**PROBLEM STATEMENT:** Copy out the lines beginning at the one with "Wallpaper Mural A" and ending at the last line of the data, both included; pictures stay out.

**AVAILABLE DATA:**
== Segment start ==

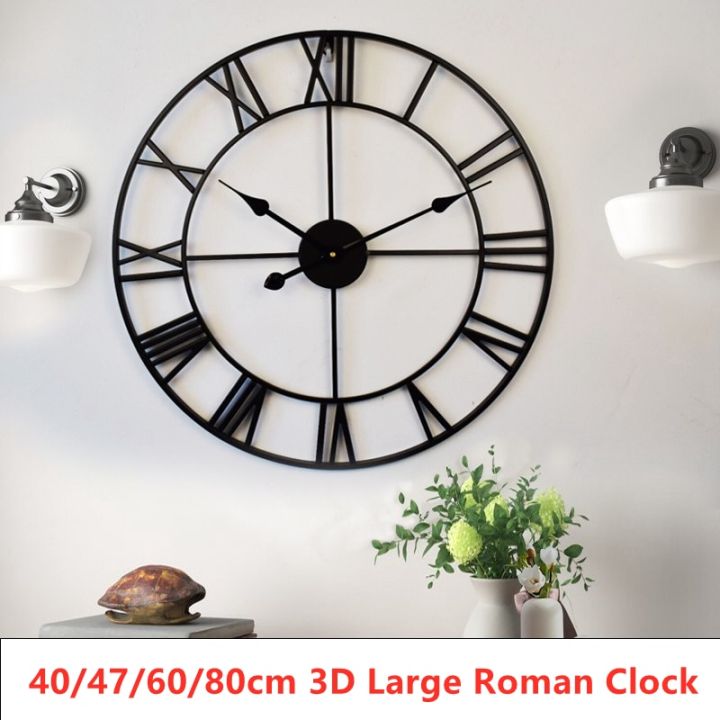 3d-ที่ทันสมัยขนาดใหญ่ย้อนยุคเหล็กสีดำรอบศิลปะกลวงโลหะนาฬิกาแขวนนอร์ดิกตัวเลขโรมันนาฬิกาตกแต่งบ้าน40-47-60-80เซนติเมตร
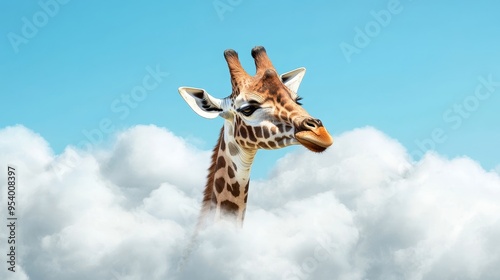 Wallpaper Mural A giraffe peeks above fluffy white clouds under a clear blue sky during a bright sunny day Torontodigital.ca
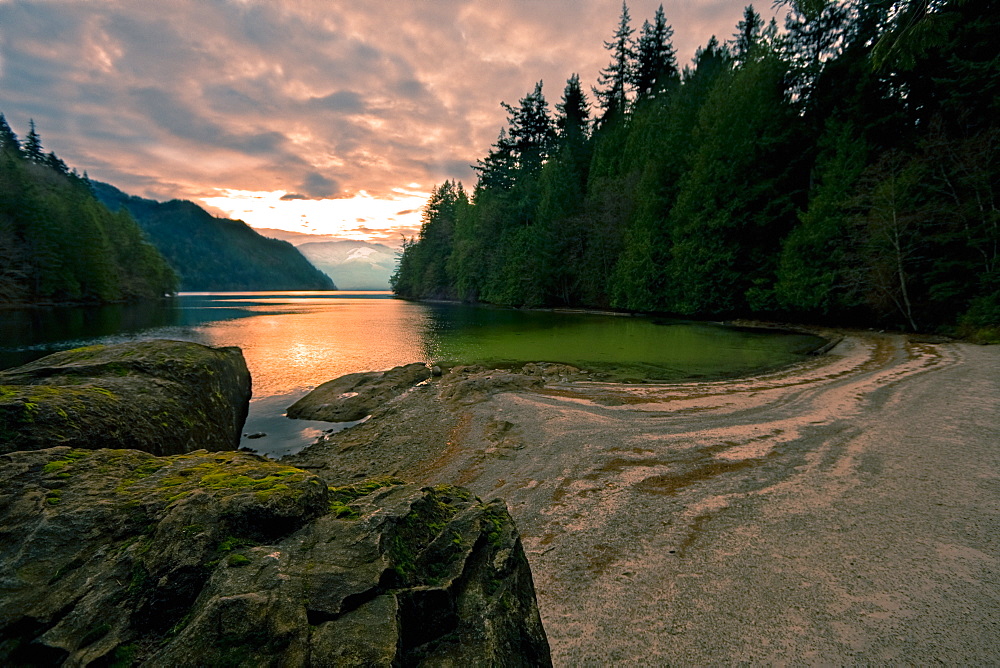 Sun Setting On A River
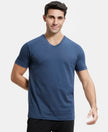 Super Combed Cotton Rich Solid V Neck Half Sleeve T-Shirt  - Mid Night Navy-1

== Segment end ==

**WRITTEN ANSWER:**
 Wallpaper Mural A giraffe peeks above fluffy white clouds under a clear blue sky during a bright sunny day Torontodigital.ca
 Sun Setting On A River
 Super Combed Cotton Rich Solid V Neck Half Sleeve T-Shirt  - Mid Night Navy-1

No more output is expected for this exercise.